That fucking Trophy Towel!

February 2, 2009

WAS Sunday night’s Super Bowl appearance the beginning of a drought for the Steelers?

Sure, the same team is going to be in place for awhile but Goddamn it, I believe in a jinx! I am extremely cynical by nature but I do have exceptions. For instance, you can’t be on a road trip and talk about certain what ifs; like flat tires or mechanical troubles.

And you cannot front on the Terrible Towel. It has taken on a life of its own like the Zuni hunting fetish from Trilogy of Terror.
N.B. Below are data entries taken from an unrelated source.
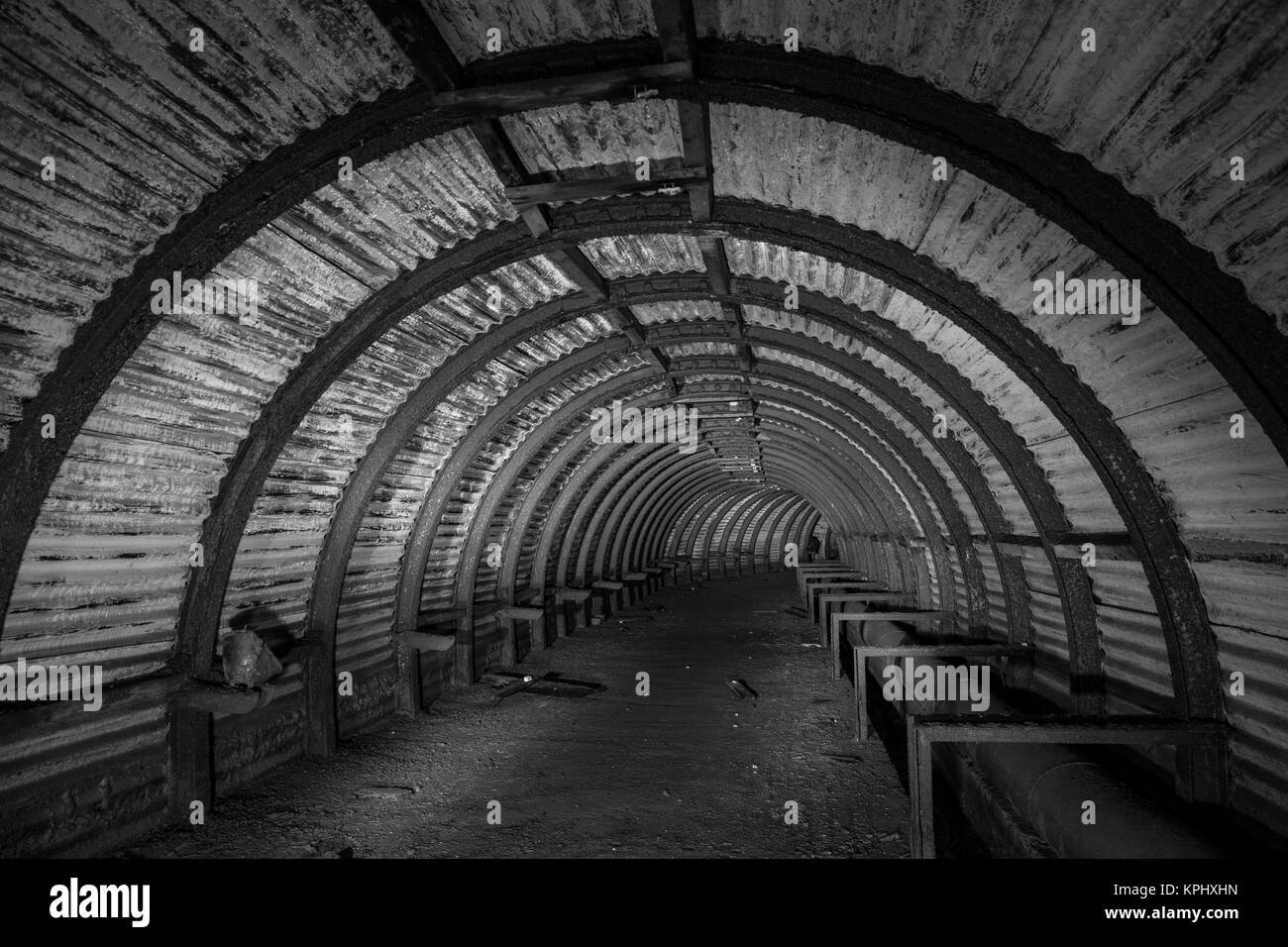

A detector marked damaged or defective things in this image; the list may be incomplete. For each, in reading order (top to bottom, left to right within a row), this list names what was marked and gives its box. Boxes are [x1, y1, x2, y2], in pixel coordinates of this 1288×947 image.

rusted metal frame [7, 41, 1277, 659]
rusted metal frame [393, 361, 664, 680]
rusted metal frame [453, 386, 680, 644]
rusted metal frame [849, 641, 1030, 742]
rusted metal frame [907, 716, 1226, 860]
Over the past several years any opponent desicrating it has fallen out of the playoffs with quite a few examples in the 2008 season alone. The Ravens wideout Derrick Mason stomped the towel and his crew went on to lose all three games against the Steelers this season; culminated with a physical ass-wiping in the AFC title game. Who can forget LenDale White and Keith Bullock of the Tennessee Tuxedos stomping it with muddied cleats in week 17? The number one seed became the monkey gone to heaven, losing their first post-season game.
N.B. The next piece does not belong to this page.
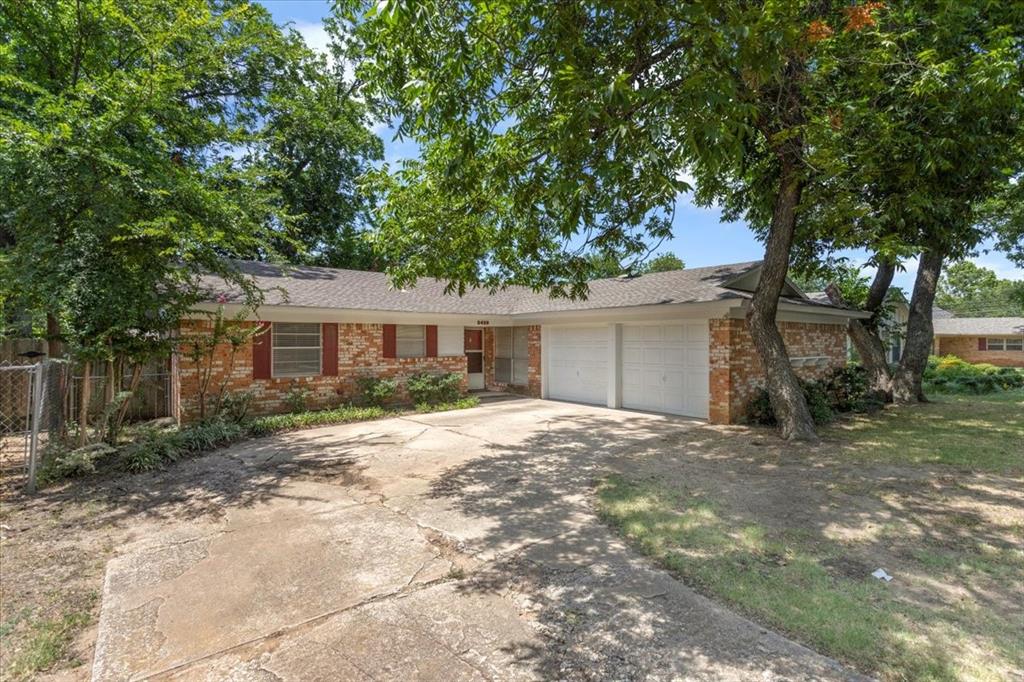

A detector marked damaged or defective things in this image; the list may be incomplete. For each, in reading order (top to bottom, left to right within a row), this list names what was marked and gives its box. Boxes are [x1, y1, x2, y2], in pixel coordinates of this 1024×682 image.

cracked pavement [90, 396, 864, 676]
Phoenix Mayor Phil Gordon and the Cardinals mascot Big Red who chose to ignore the Fates. The bird wiped his armpits with the towel and Mayor Phil blew his nose into it. He then threw it on the ground and smeared it with his foot.

What should have been the greatest comeback in Super Bowl history turned into a play for the ages that featured, not the red birds; instead a Holmes reception in the corner of the end zone with seconds left in the game to lead the Steelers to the title.

A few weeks prior to the Big Dance, the League announced its plan to produce a Trophy Towel. More schwag to milk fans of the victorious team. Granted, the Terrible Towel began as a radio gimmick. But it’s our Goddamn gimmick! Somehow it assumed the spirit, spit and spite of Myron Cope. Other teams have tried to appropriate it – like the Colts and I seem to remember the Jacksonville Jagoffs. But who the fuck wants to wave a teal towel? The Fire Island Marines?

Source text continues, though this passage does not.